> **TASK REQUIREMENTS**
The reply is to be the lines from the one with "2023 Mitsubishi Outlander LS Black Edition" through the last line of the records below, each retyped exactly, with pictures left out.

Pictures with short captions
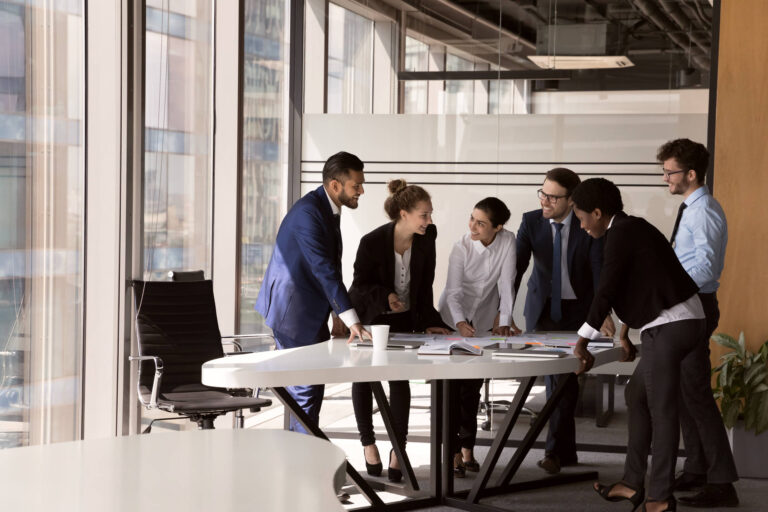 Se acerca la Operación Renta: Las novedades que debes saber acerca de esta nueva “temporada de impuestos”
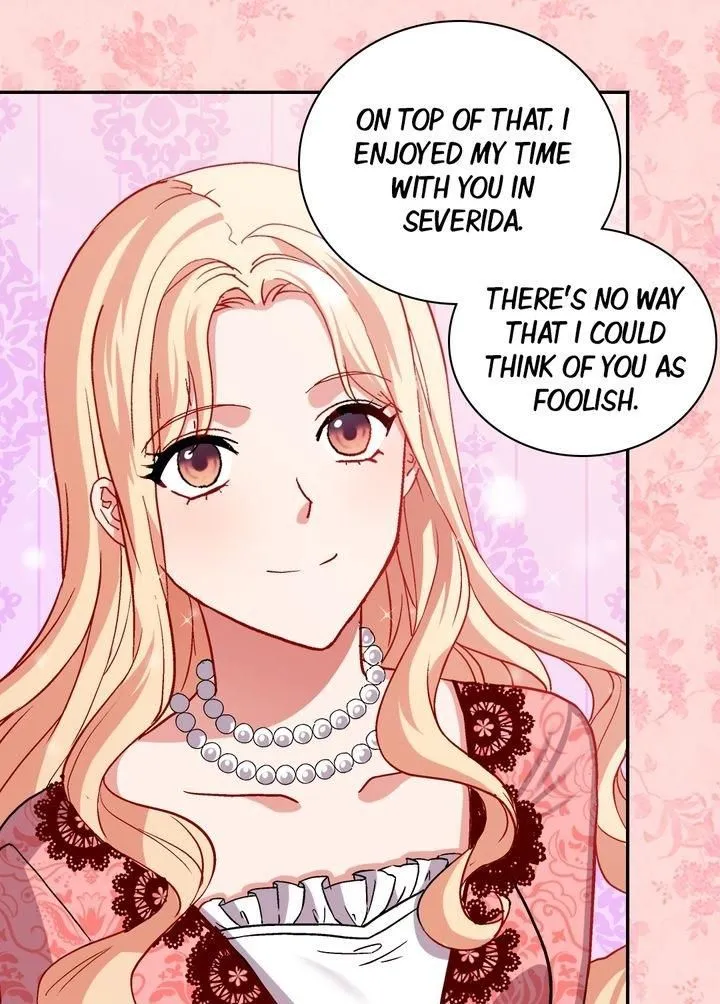 Read The Justice of a Villainous Woman EN Manga Online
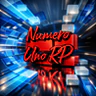Numero Uno Test FiveM server icon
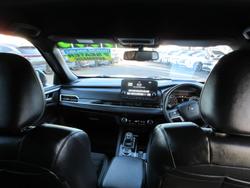 2023 Mitsubishi Outlander LS Black Edition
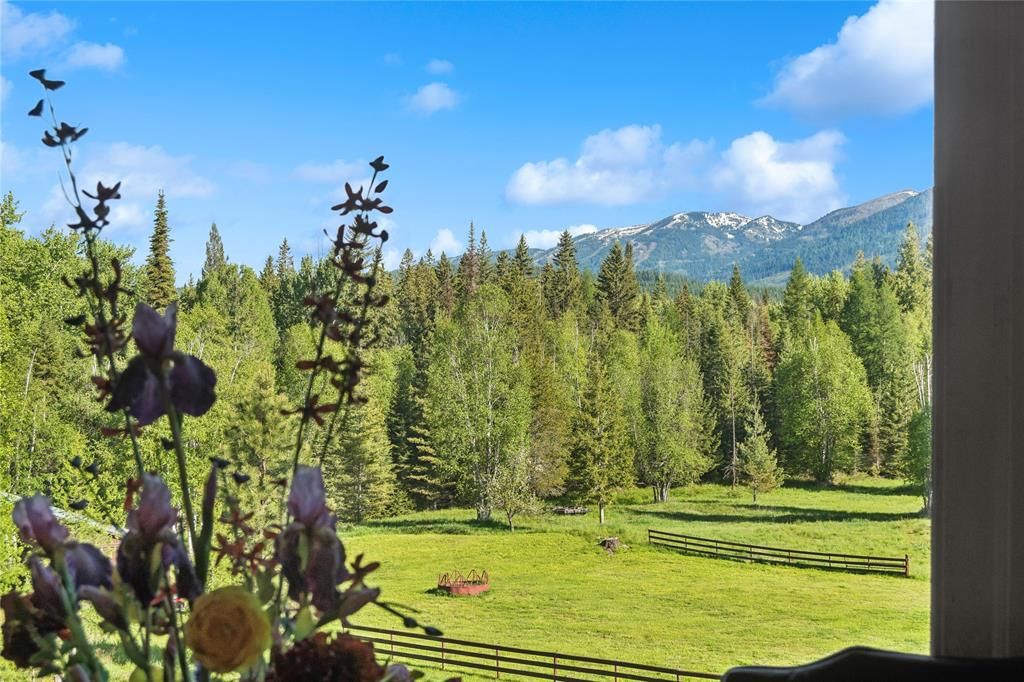 420 Little Creek Lane, Whitefish, MT 59937 photo 50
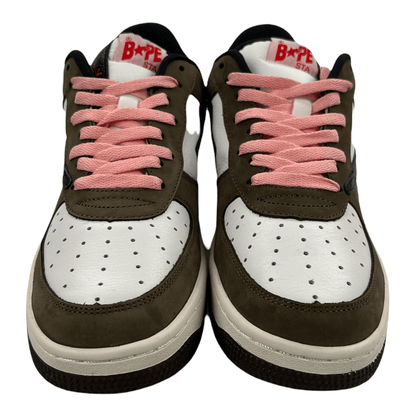 6c3f620f-64d7-4285-9ed5-be56911f4e88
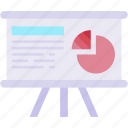 presentation, slides, pitch, meeting, visual, business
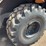 case-621g-image-8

> **TASK SOLUTION**
 2023 Mitsubishi Outlander LS Black Edition
 420 Little Creek Lane, Whitefish, MT 59937 photo 50
 6c3f620f-64d7-4285-9ed5-be56911f4e88
 presentation, slides, pitch, meeting, visual, business
 case-621g-image-8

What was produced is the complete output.